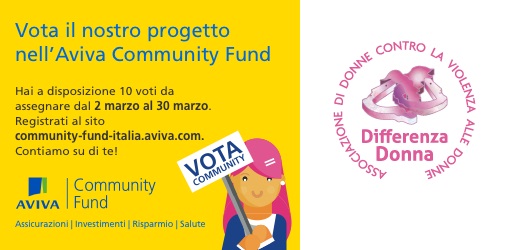 banner-dell-Aviva-Community-Fund-300x250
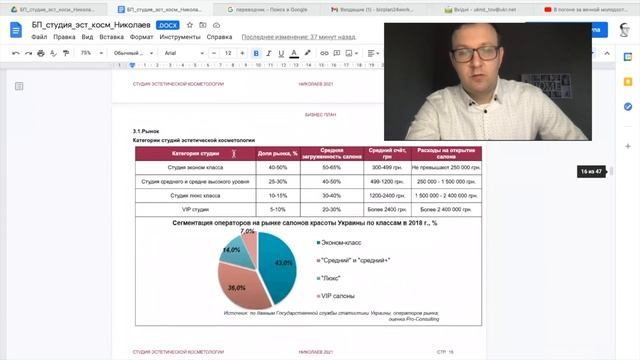 Пример бизнес план студия эстетической медицины -  эстетическая косметология, презентация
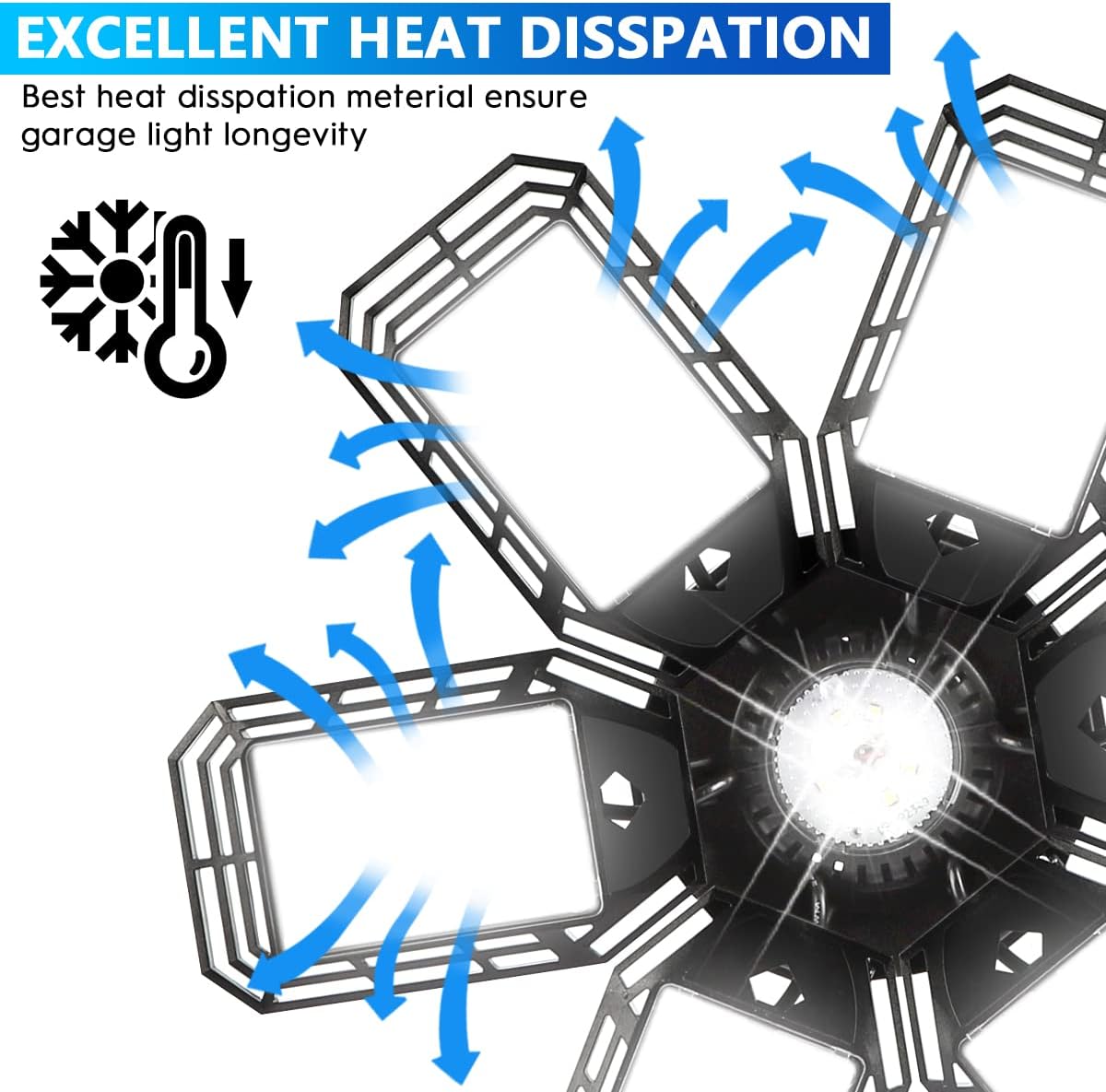 2 Pack LED Garage Lights 180W Deformable 18000LM Close to Ceiling Light Fixtures E26 E27 Screw-in Six Leaf Glow Lighting, Ultra Bright LED Shop Light with 6 Adjustable Panels for Work Shop Warehouse
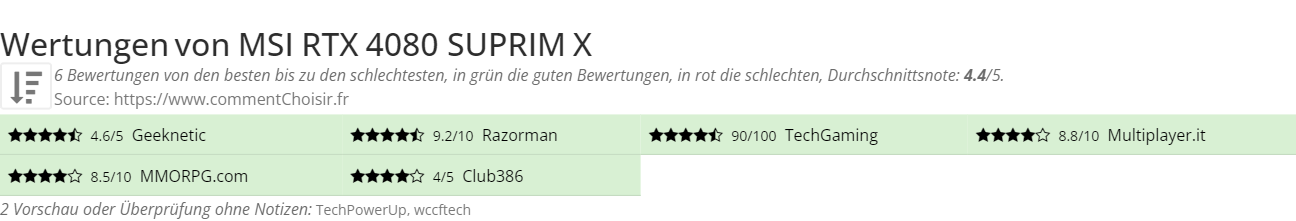 Ratings MSI RTX 4080 SUPRIM X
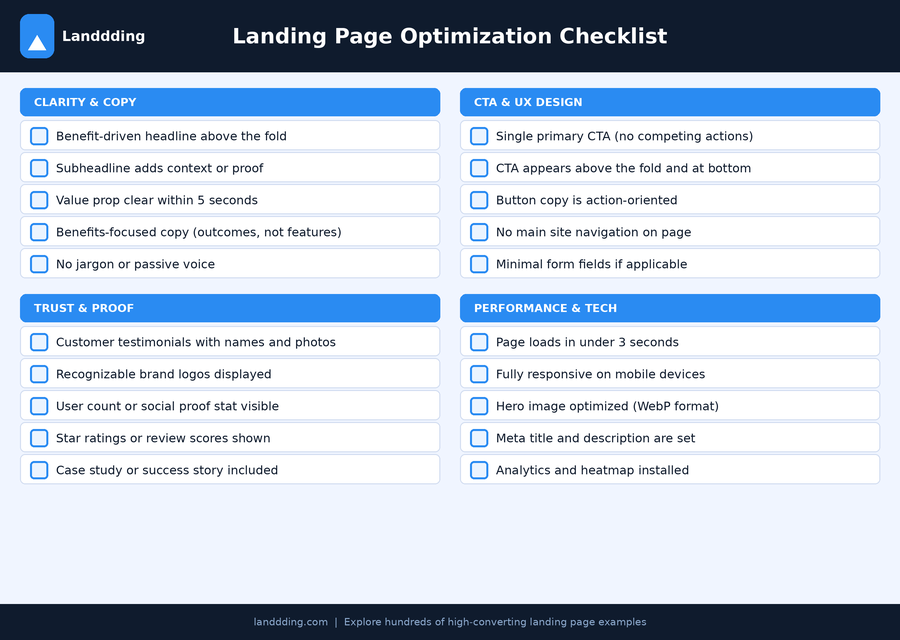 landdding_checklist.png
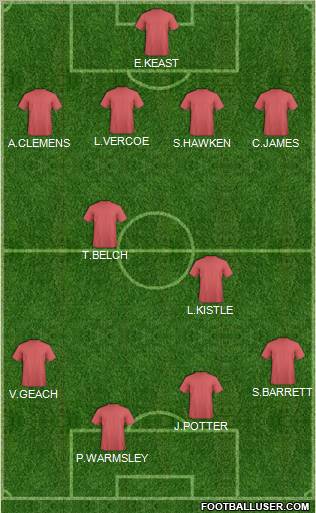Fifa Team Formation 2010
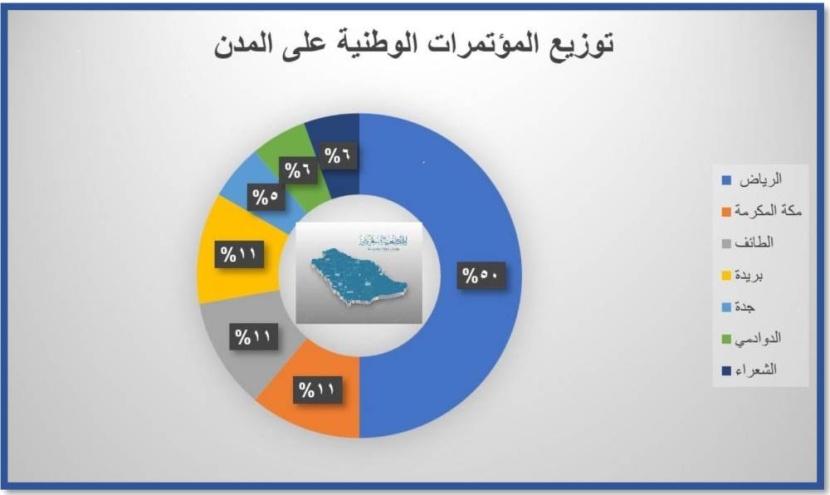 مؤتمرات الملك عبدالعزيز .. ذاكرة الديمقراطية السعودية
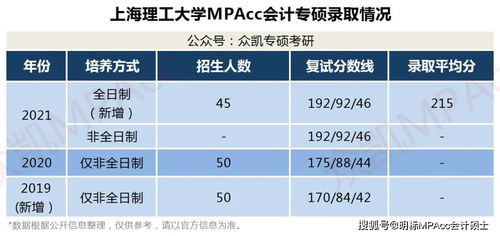 上海理工大学MPAcc复试有多难 看看历年数据分析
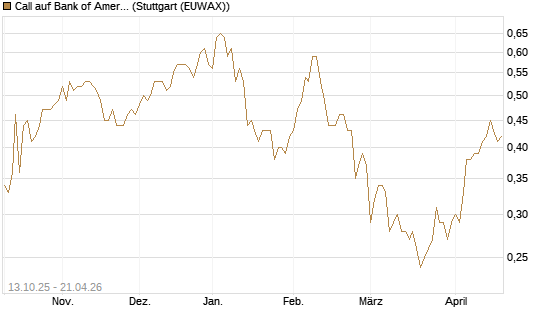 Call auf Bank of America [BNP Paribas Emissions- und Handelsges.] Chart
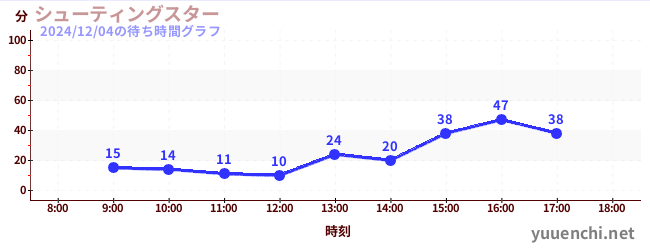 シューティングスターの待ち時間グラフ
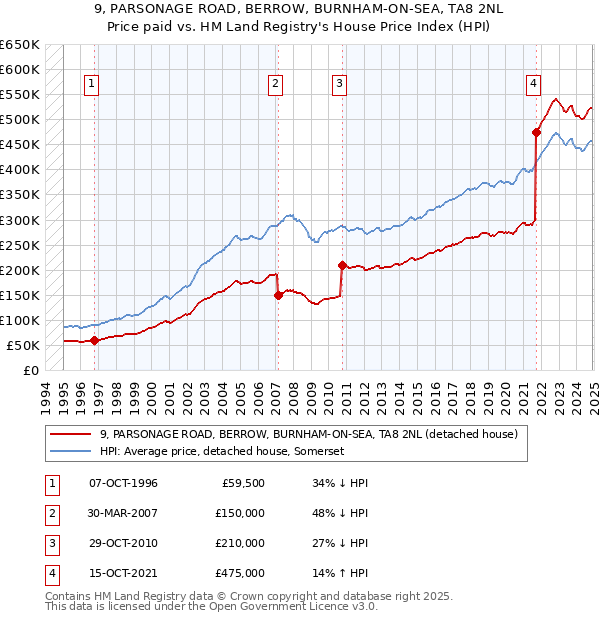 9, PARSONAGE ROAD, BERROW, BURNHAM-ON-SEA, TA8 2NL: Price paid vs HM Land Registry's House Price Index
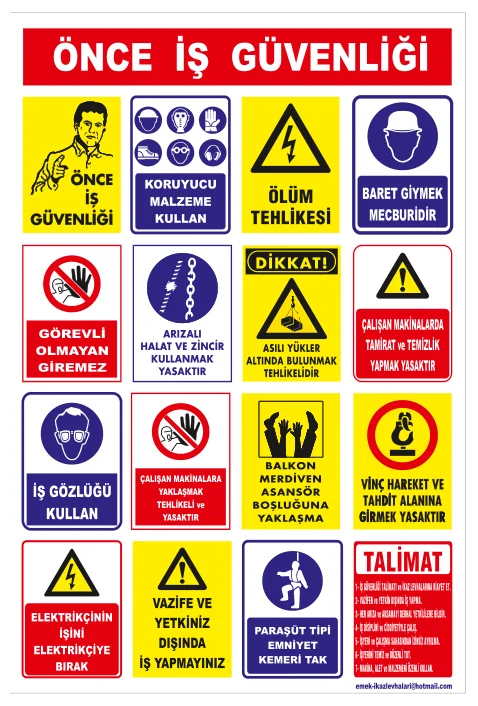 Kombine Levha – Önce İş Güvenliği (50x70)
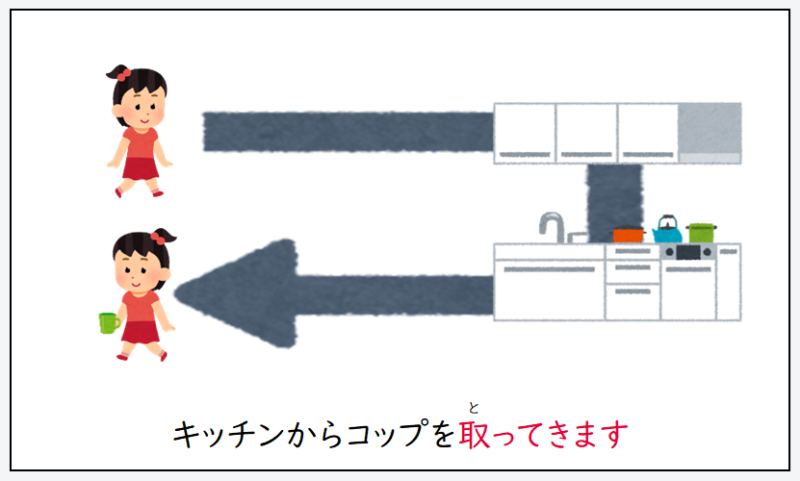 日文線上自學網站 | 【文法】動詞て形＋てきます
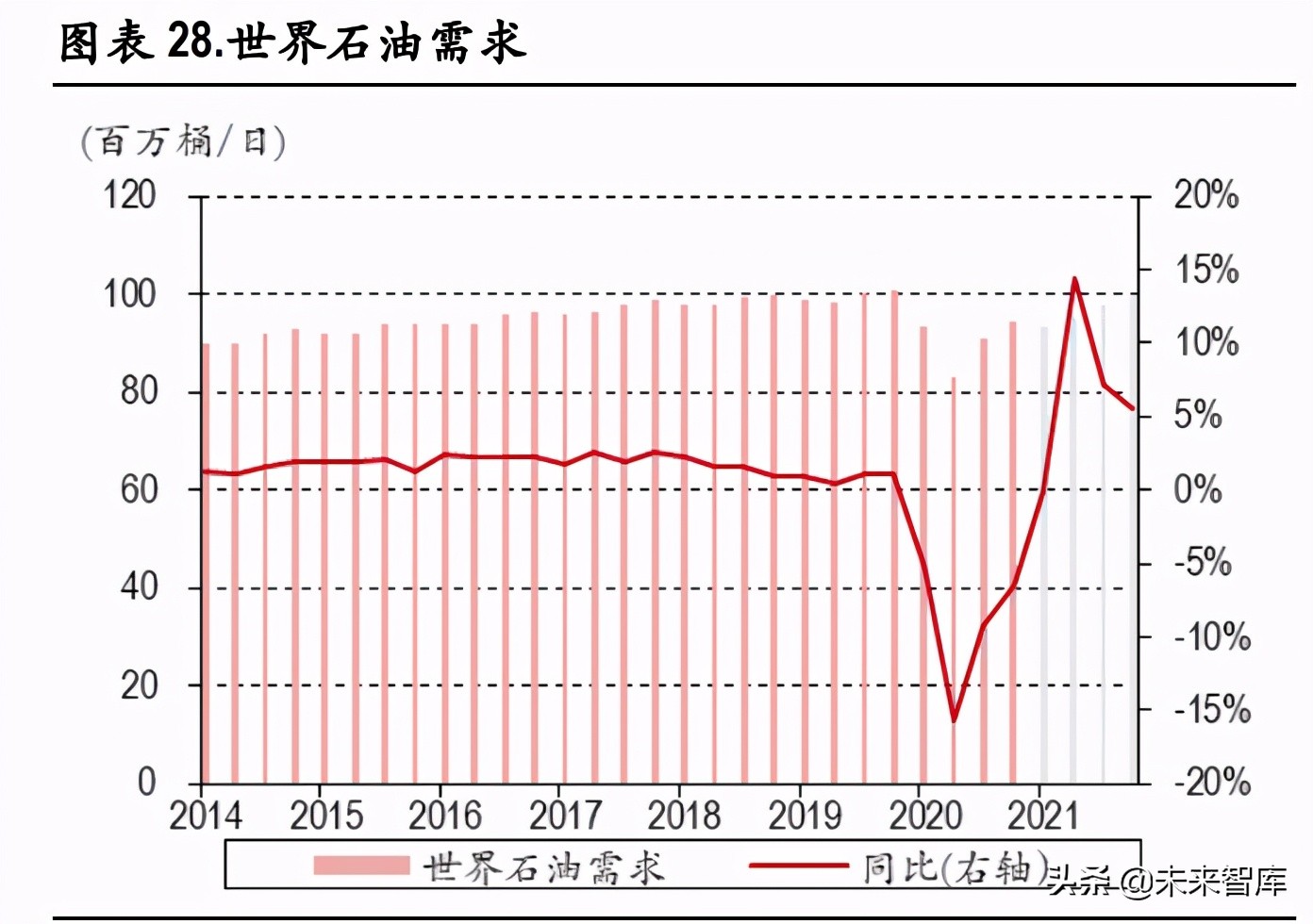 化工行业研究：碳中和背景下的产业升级与集中度提升是未来主基调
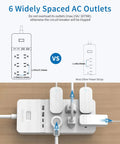 Two Prong To Six Outlet Power Strip With Ten Foot Extension Cord 2100J Surge Protector 1875W Six Outlets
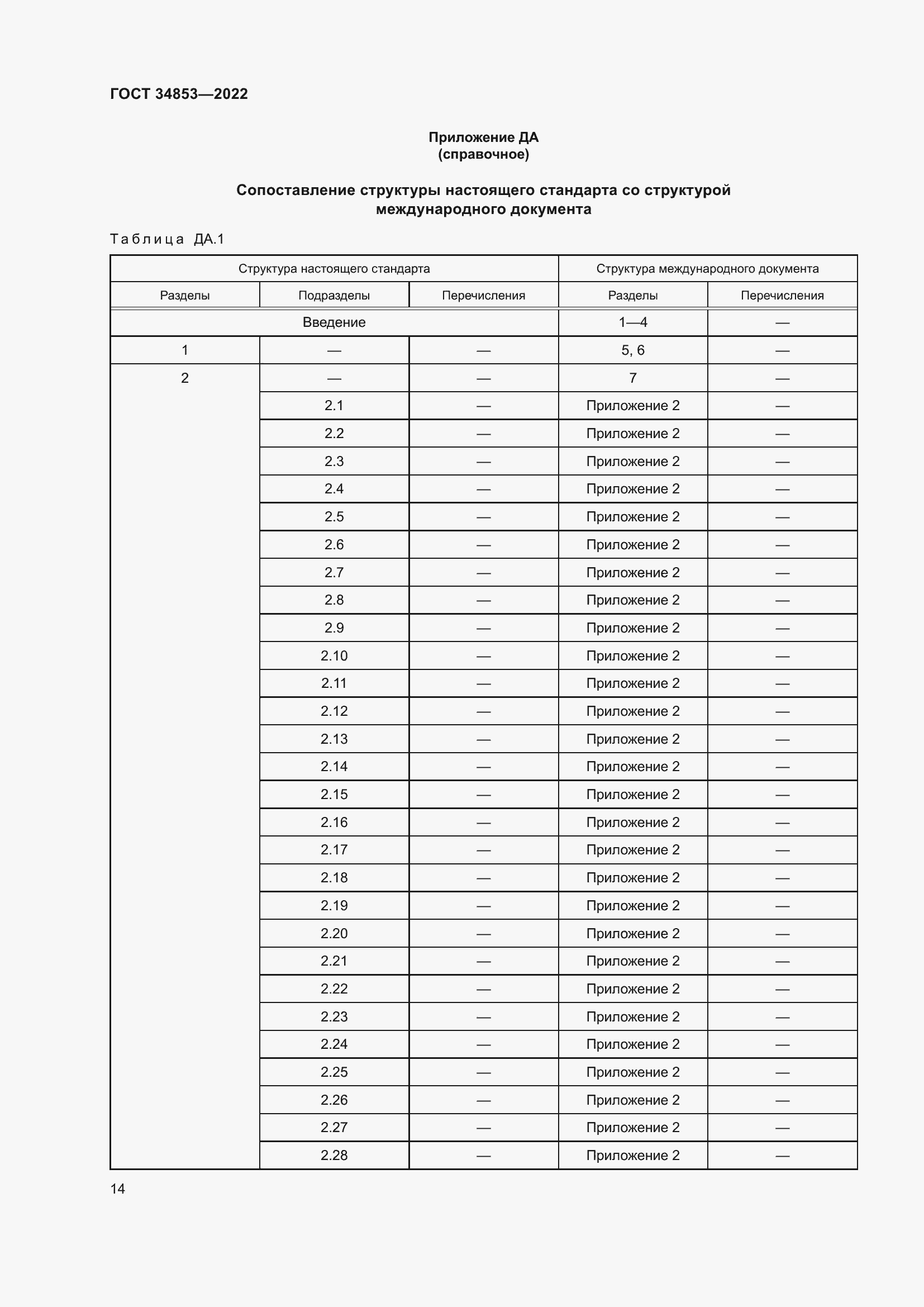 Страница 20 ГОСТ 34853-2022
========================
Exercise:
Retype each line of the data exactly, beginning with the first; include the line containing "シューティングスターの待ち時間グラフ" and stop there, skipping every picture.

Answer to this exercise:
 banner-dell-Aviva-Community-Fund-300x250
 Пример бизнес план студия эстетической медицины -  эстетическая косметология, презентация
 2 Pack LED Garage Lights 180W Deformable 18000LM Close to Ceiling Light Fixtures E26 E27 Screw-in Six Leaf Glow Lighting, Ultra Bright LED Shop Light with 6 Adjustable Panels for Work Shop Warehouse
 Ratings MSI RTX 4080 SUPRIM X
 landdding_checklist.png
Fifa Team Formation 2010
 مؤتمرات الملك عبدالعزيز .. ذاكرة الديمقراطية السعودية
 上海理工大学MPAcc复试有多难 看看历年数据分析
 Call auf Bank of America [BNP Paribas Emissions- und Handelsges.] Chart
 シューティングスターの待ち時間グラフ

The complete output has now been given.